Il faut ouvrir les oreilles (surtout à partir de la 34ème minute du Procès Pétain 3). Là, Annie Lacroix-Riz – s’appuyant sur les sources et les archives – répond avec sérieux sur ces théories du «complot» qu’on lui oppose depuis 1970. Avec toujours la même rengaine d’évitement chère aux historiens français qui veulent faire croire que l’Hitlerisme n’est pas né du grand Capital mais qu’il est le produit et la faute des couches ignares de la petite bourgeoisie et du petit capital. Donc des crétins qui ne comprennent rien à rien. Pour cette confrérie d’historiens, Hitler a tiré sa prospérité de petits épargnants et donateurs dans ses grands meetings. Hitler aurait entraîné alors tout le peuple allemand (avec oublis à la clé : les emprisonnements d’opposants dès 1933, les mesures et chasses contre les Juifs). Quant au Mouvement de la Cagoule, il n’aurait plus existé depuis 1937 etc.

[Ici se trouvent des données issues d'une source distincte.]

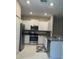 Kitchen with stainless steel appliances and white cabinetry at 11901 Castine St, New Port Richey, FL 34654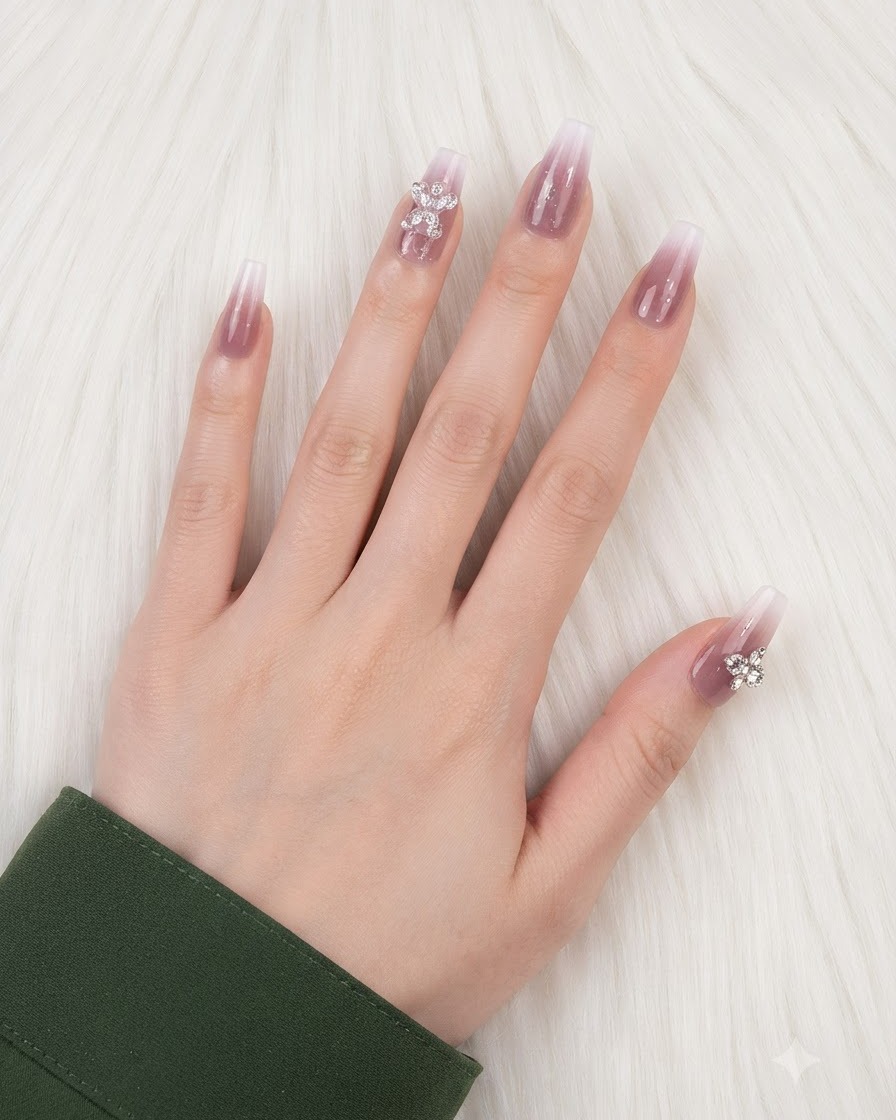 Una mano con uñas con degradado terminadas y abalorios colocados en el dedo anular y el pulgar.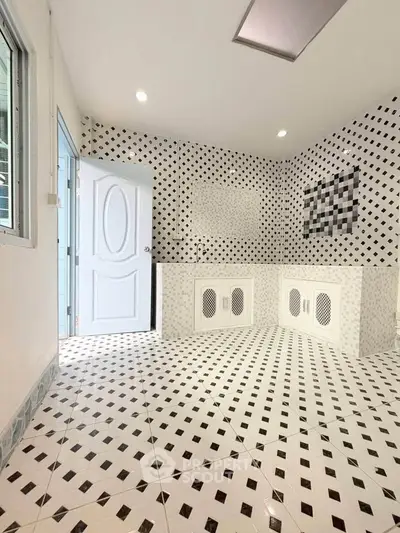 Modern kitchen with unique black and white geometric tile design and open layout.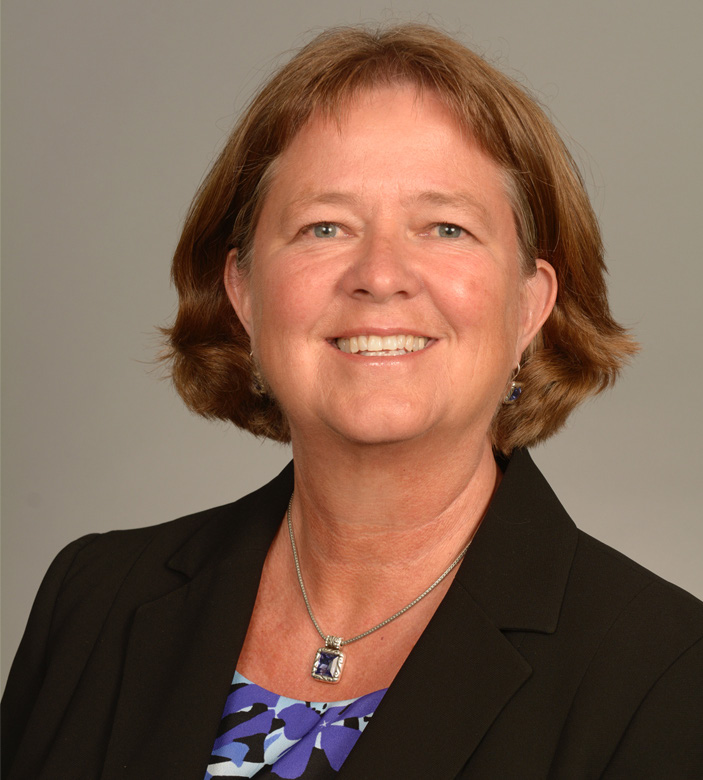 Headshot photo of Dr. Barb Glenn, smiling
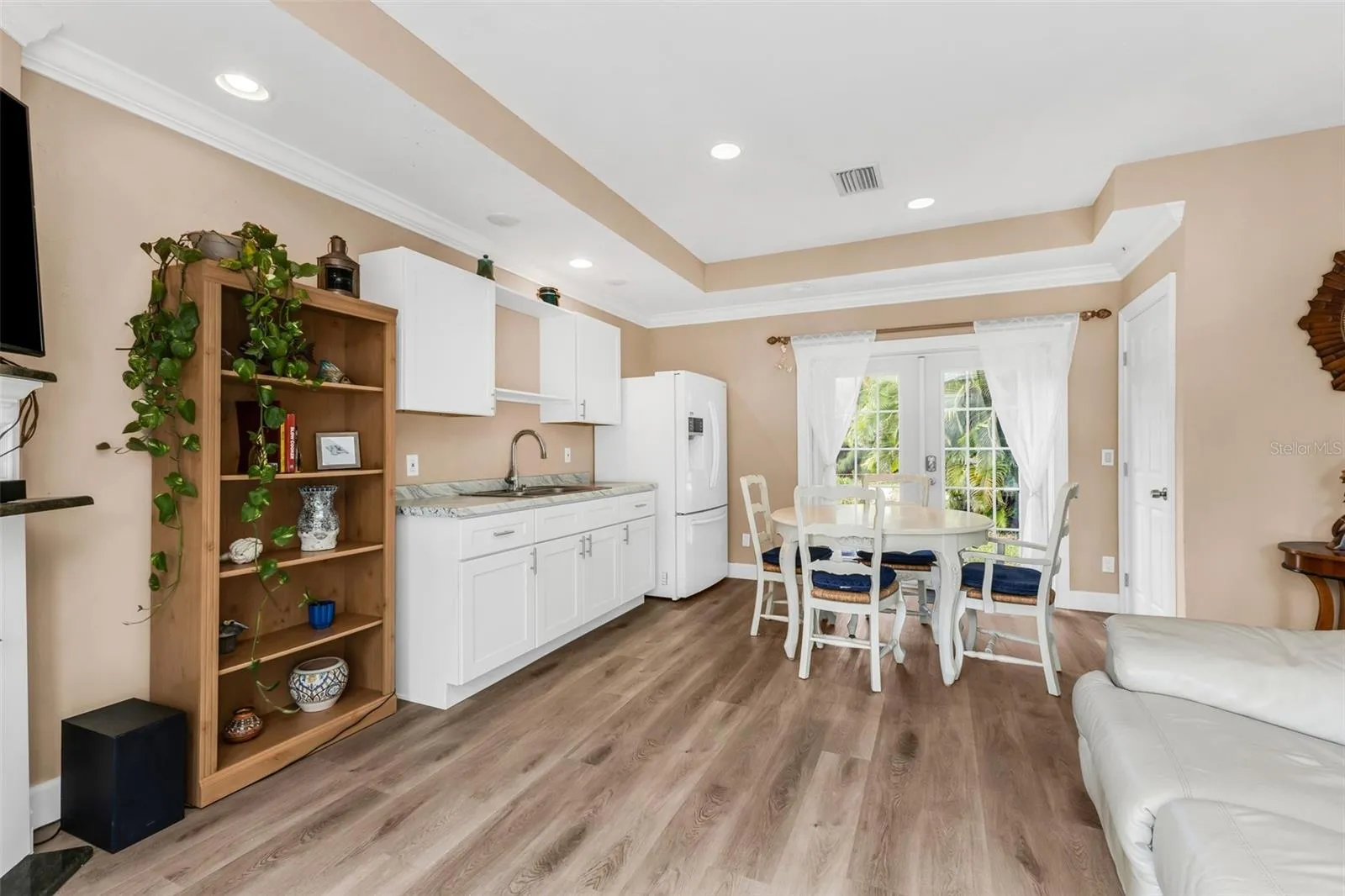 View of Kitchen, Living and Front entry. Large walk-in closet for added storage
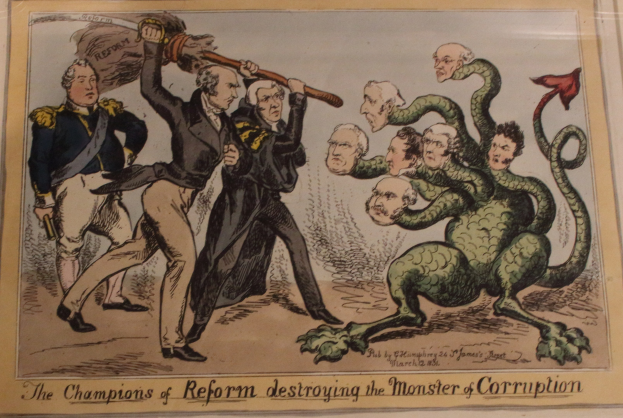 Cartoon-Illustration, die Figuren mit der Bezeichnung Reformchampions zeigt, die ein Monster mit der Bezeichnung Korruption angreifen, mit begleitendem Text, der lautet: "Die Reformchampions zerstören das Monster der Korruption."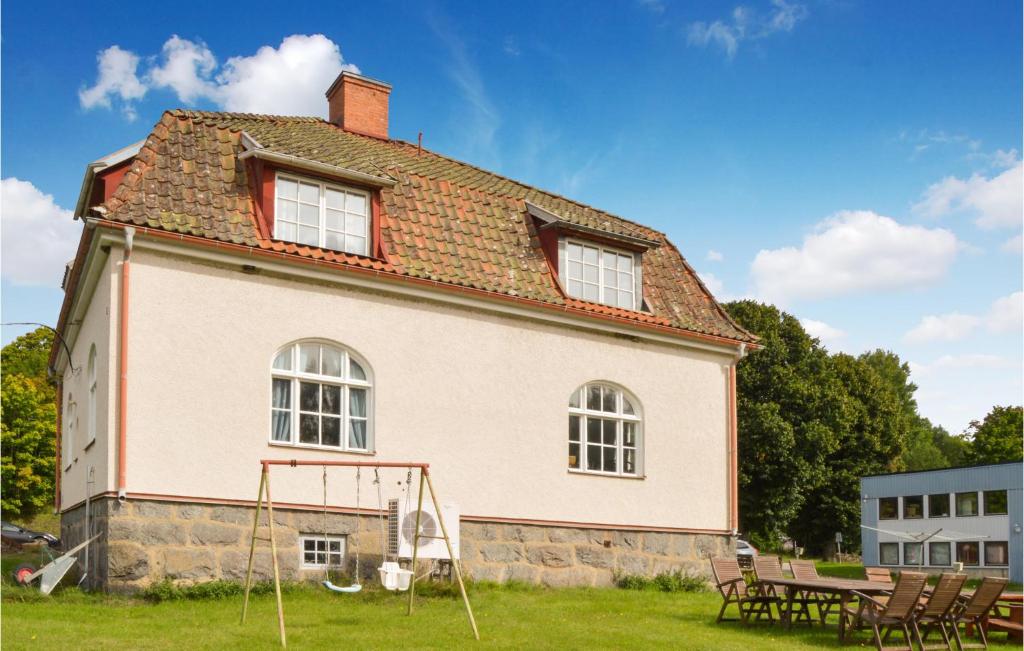 Gorgeous Home In Finspng With Wifi في Finspång: منزل قديم أمامه طاولة نزهة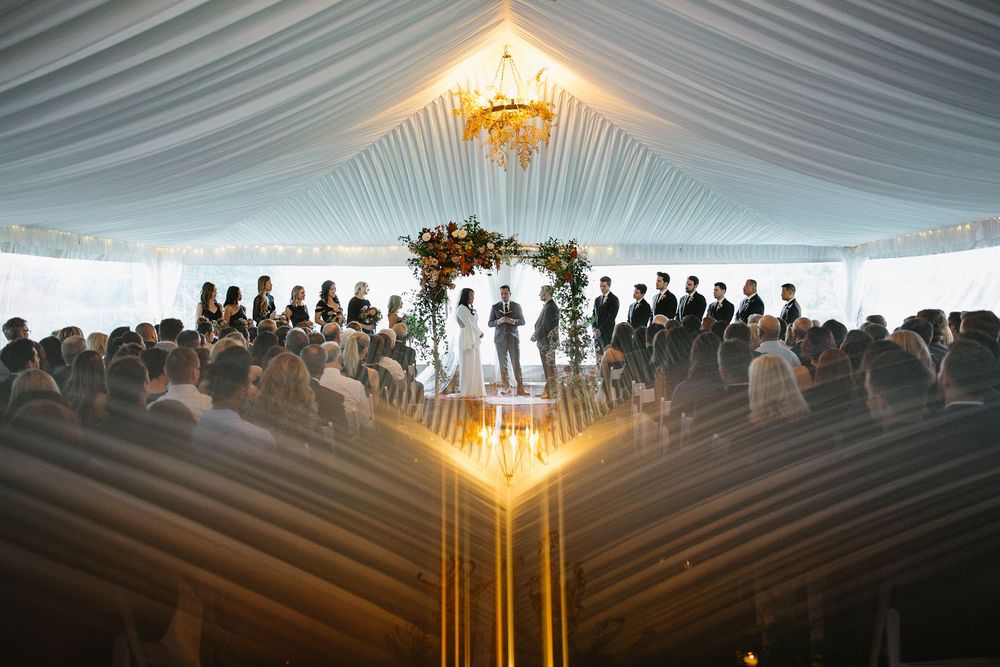 Silhouettes of people stand in line against a bright light shining through a draped fabric ceiling at dusk.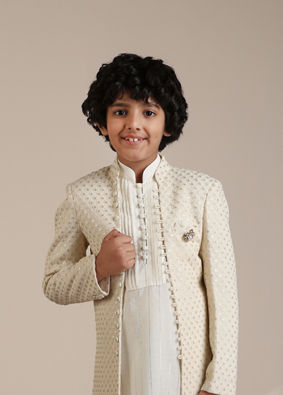 alt message - Manyavar Boys Boys Cream Self Patterned Indo-Western Set with Mirror work image number 0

Tout cela n’est pas sans rappeler l’analyse très contemporaine de nos politologues d’aujourd’hui pérorant sur le Front National qui se serait enrichi grace à l’argent récolté lors de ses meetings, grace encore à l’appui massif de la classe ouvrière (avec sondages à la con à l’appui) classe qui – méchante populace, salauds de pauvres – est naturellement bien loin des beaux idéaux libéraux que ces mêmes politologues défendent et ont adoptés.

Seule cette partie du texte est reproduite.